Joseph Lyons, schoolteacher, premier and prime minister, was born on 15 September 1879 at Stanley, Tasmania, son of Irish-born parents Michael Henry Lyons and his wife Ellen, née Carroll. His early education was at St Joseph’s Convent School, Ulverstone. Michael Lyons had little success as a hotelkeeper, farmer, butcher and baker. In 1887 he lost all of the family’s money speculating on the Melbourne Cup. He suffered a breakdown and became unable to care for his wife and eight children. When 9 years old, young Joe helped to support the family by working as an errand boy, farm labourer and printer’s devil for the Coastal News at Ulverstone. He was saved from drudgery by two aunts, the Misses Carroll, who supported him when he returned to school at 12.
Fast forward: To find out what was bothering the sender of the letter, who wasted four pennies on stamps, (for postage within Australia was only 2d for a 1 oz. letter), I started researching Lyons career in the early 1930s, at the height of the Great Depression. He had left State politics as Premier of Tasmania and became the acting Treasurer in Federal politics. He was imbued with respect for conventional economics and orthodox finance; he equated government debt with personal debt and insisted that all commitments had to be fully honoured. He opposed inflation and stressed the importance of balanced budgets and insisted that all commitments had to be fully honoured.. Lyons attended the meeting of Federal and State leaders which adopted the Melbourne Plan, designed to adjust the Australian economy to the impact of the Depression. A British financier described Lyons and Prime Minister Scullin as ‘entirely at sea … like a couple of rabbits popping their heads out of the hole’. Despite lack of experience in federal fiscal administration, Lyons assumed responsibility to implement the Melbourne Plan which hinged on budgetary restraint. In the absence of Prime Minister Scullin in London, Lyons and the acting Prime Minister, James Fenton took the full brunt of criticism within caucus. Lyons was forced to defend orthodox policies against the radicalism of those caucus members who supported the New South Wales Labor leader, Jack Lang.
He was prepared to accept a degree of controlled credit expansion to stimulate industry; he proposed to balance the budget, and to reduce government spending, wages and possibly pensions. Lyons presented a plan prepared by the Treasury, proposing the unpegging of exchange rates, stabilization of internal prices through monetary control, reduction of interest rates, and provision of Commonwealth Bank credit for industry. His proposals were rejected in favour of Theodore’s more sweeping proposals for credit creation.
Lyons voted with the Opposition, but he returned to cabinet and threatened resignation if the salaries of senior public servants were not reduced. He won on this issue, but the larger conflict over economic policy was not resolved. Against the advice of Lyons and Theodore, caucus voted to postpone repayment of an overseas loan falling due on 15 December. Lyons said that he would not implement this decision, threatened resignation and went ahead with plans to convert the loan. Scullin endorsed his actions in cables and publicly praised him, enabling him to defy caucus, which deferred further debate.

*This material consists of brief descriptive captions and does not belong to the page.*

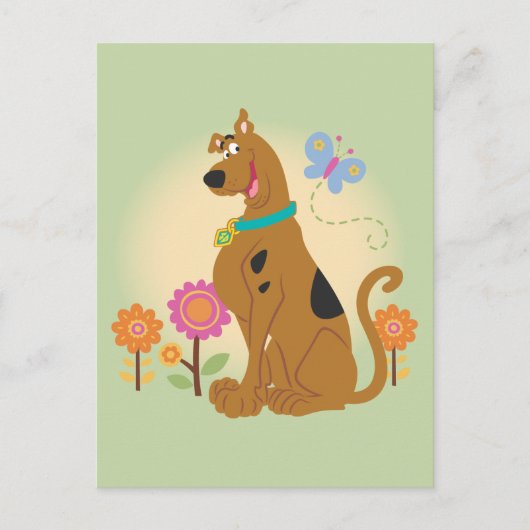 Scooby-Doo Following Butterfly Briefkaart (Voorkant)
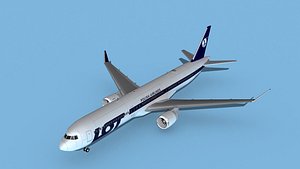 3D Boeing 767-400 LOT Polish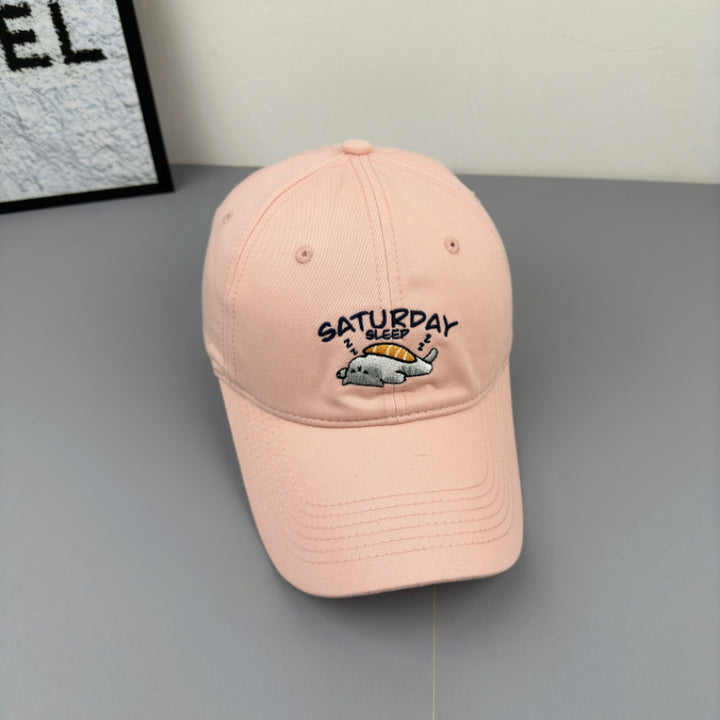 Unisex Playful Embroidered Cap Bowlift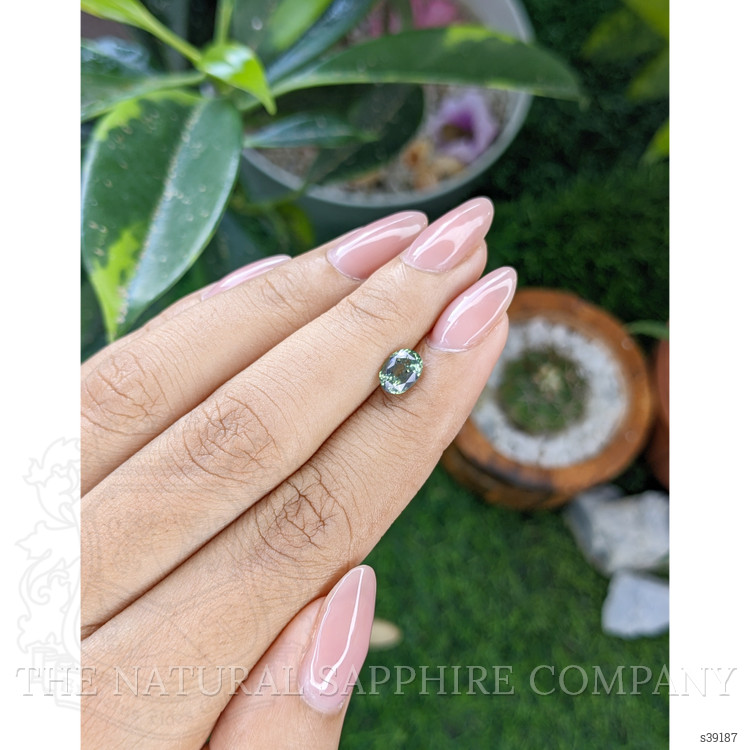 1.13 Ct. Bluish Green Sapphire from Montana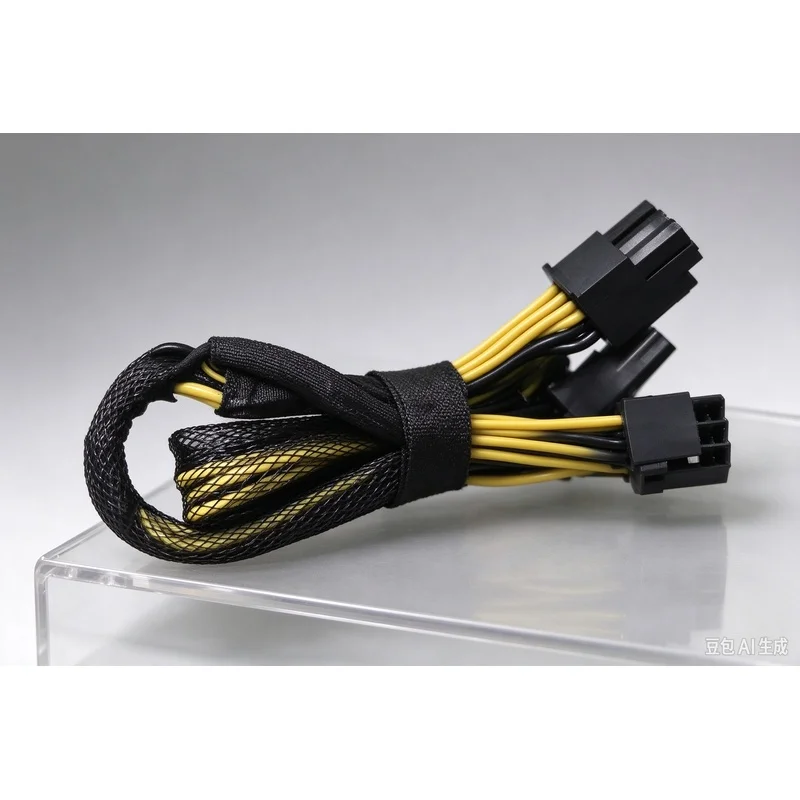 Cable For Dell Poweredge R720 R730 R720XD R730XD R7910 N08NH 0N08NH 9H6FV 09H6FV Split GPU Power Adapter Cord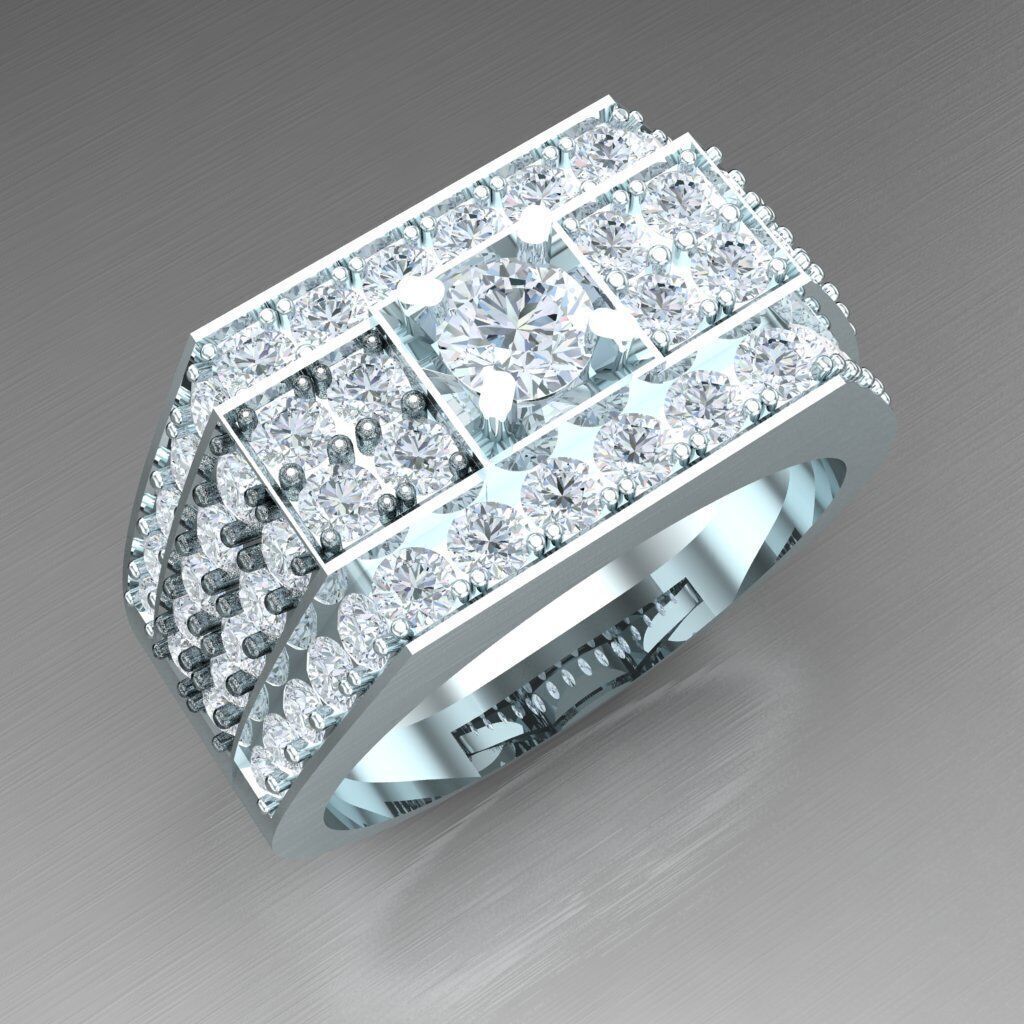 Man Ring New Design 2MR011 3D model_10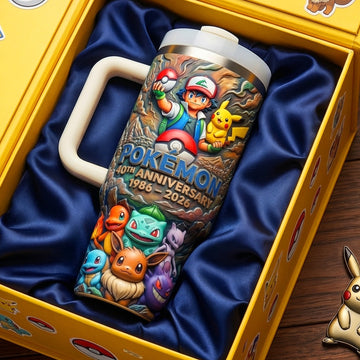 PoMo 30th Anniversary Monster Trainer - Personalized Tumbler With Handle - Gift For Movie Fans BA01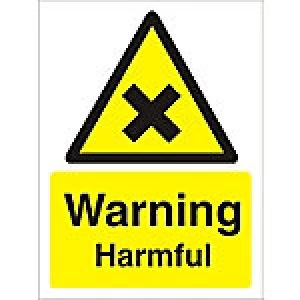 Warning Sign Harmful Plastic 40 x 30 cm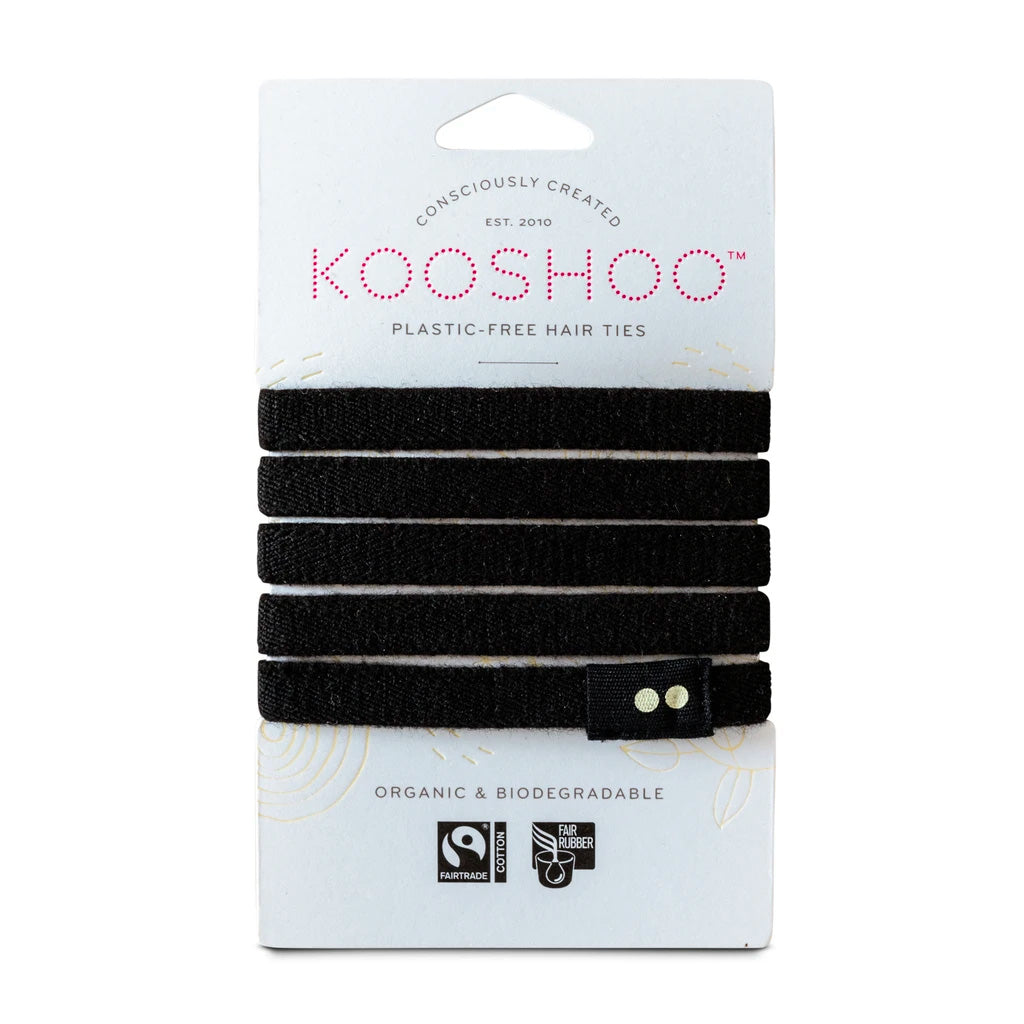 biodegradable plastic-free hair ties | kooshoo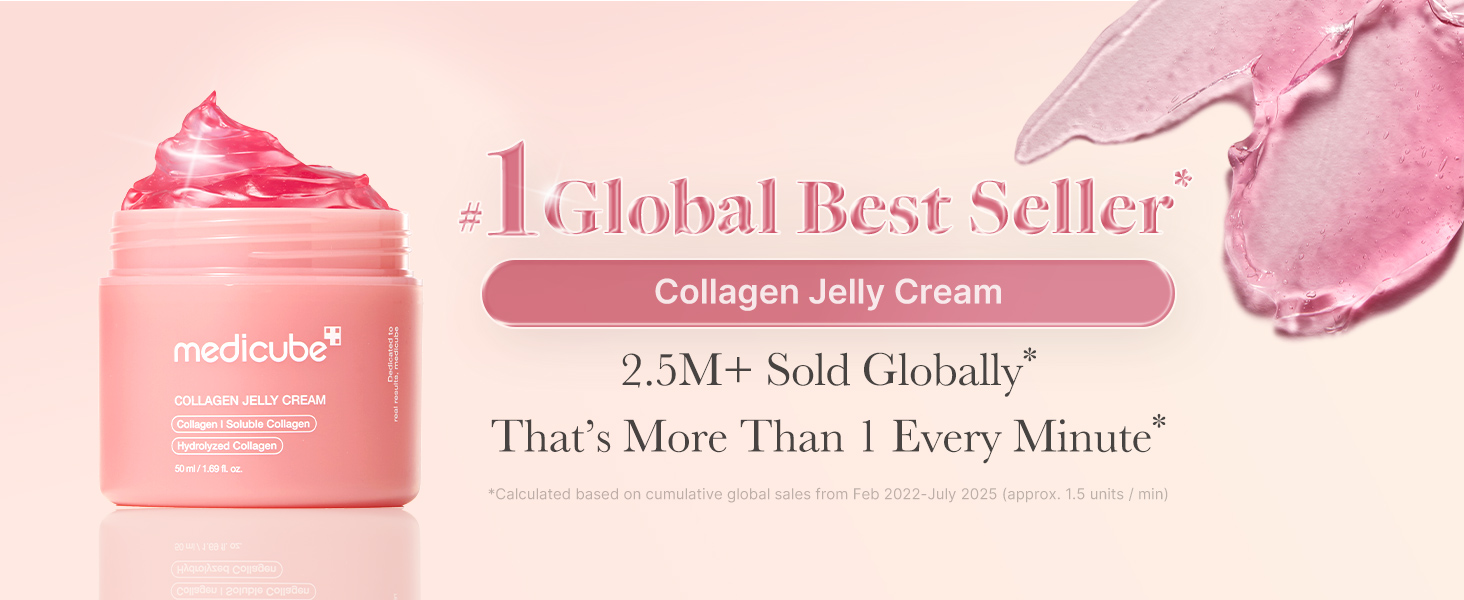 medicube Collagen Jelly Cream Global Best Seller medicube Collagen Jelly Cream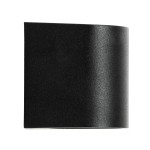GloboStar® MURANO 60607 Φωτιστικό Τοίχου - Απλίκα Αρχιτεκτονικού Φωτισμού Εξωτερικού Χώρου Up or Down Αλουμινίου με Ντουί 1 x GU10 AC 220-240V Αδιάβροχο IP65 Μ8 x Π8 x Υ7cm - Μαύρο  - 5 Years Warranty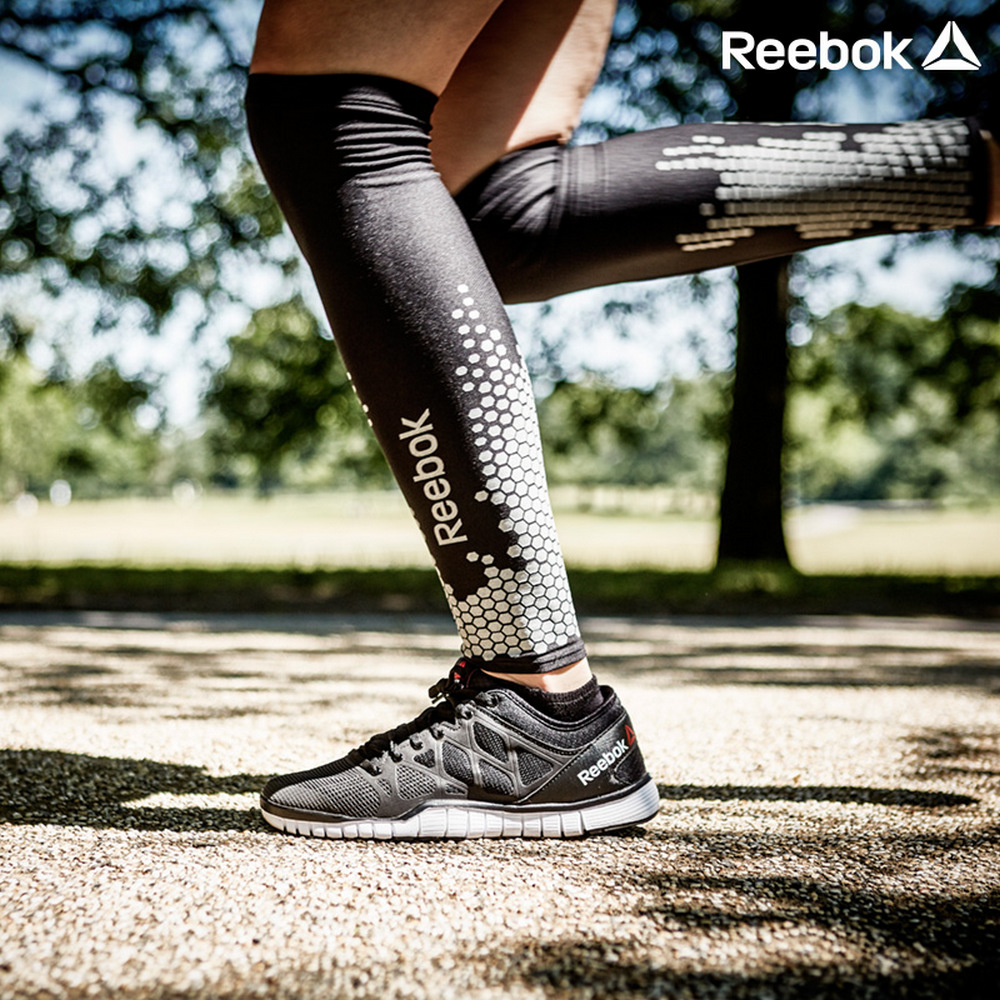 Reebok RRSL-10212 Compression Calf Knee Sleeve (Small)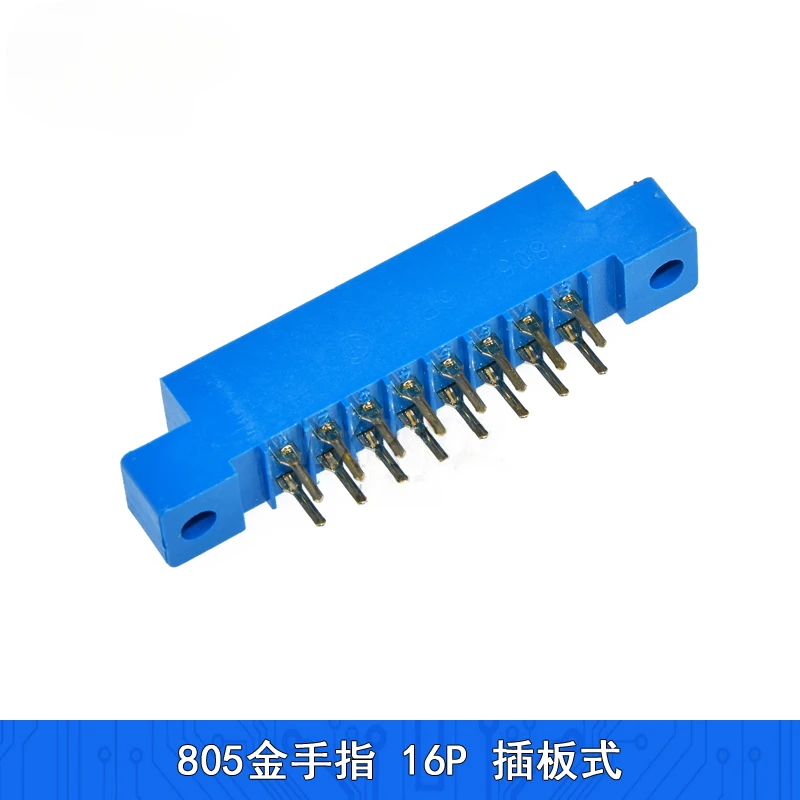 1Pcs 805 Series 3.96mm Pitch 2x8 Pin 16 Pin PCB Slot Card Edge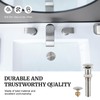 Pop up Sink Drain Stopper Without Overflow Brushed Nickel for
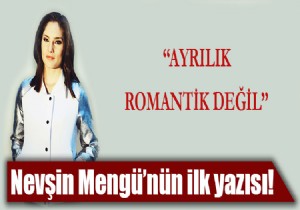 Nevşin Mengü BirGün'deki ilk yazısını yazdı: Ayrılık romantik değil!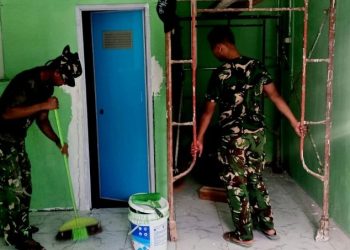 Hari Ke-23 Tahap Finishing RTLH Ibu Sriyanti Dipercepat, Hasil Pembangunan TMMD Kian Terlihat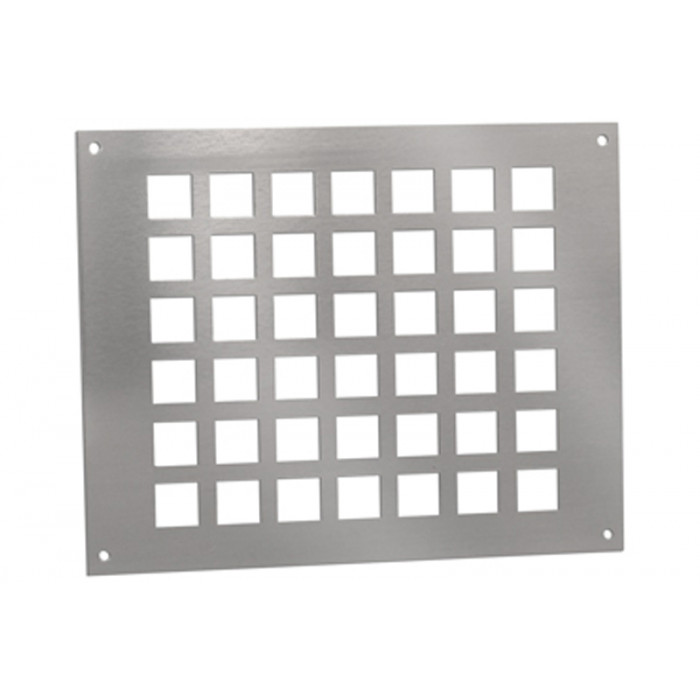 Ventilatieplaat 250 x 200 mm aluminium main product photo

Now fast forward: Lyons quit the Australian Labour party (ALP), co-founded the United Australian Party (UAP) and won his first term in the general election decisively in December 1931 and was sworn in as Prime Minister on 6 January 1932. He won the general election of September 1934 but in October 1937 he was forced into a coalition with the Country Party. By late 1938 to early 1939 he was ailing and died in office of a heart attack in Sydney on the 7 April 1939, and was buried in Devonport, Tasmania.
Australia made a slow recovery from the Great Depression of 1932-1939. Lyons chief success as Prime Minister was to restore stability to the government following the onset of the Great Depression, and the turbulent events surrounding the ALP split of 1931. He also succeeded in holding the UAP together for seven years. As Prime Minister he had considerable public appeal, his reputation as a ‘family man’ helping him in this regard. His family was the first to occupy the Prime Minister’s Lodge as a family home. A photo of Joseph Lyons is seen in Figure 2.
The short answer to the original question was that Lyons was faced with 2 major problems, one profound economic problems, and the other, political squabbling of a degree hardly ever found since in Australia.
I am indebted to the Australian Dictionary of Biography for most of the information on Lyons.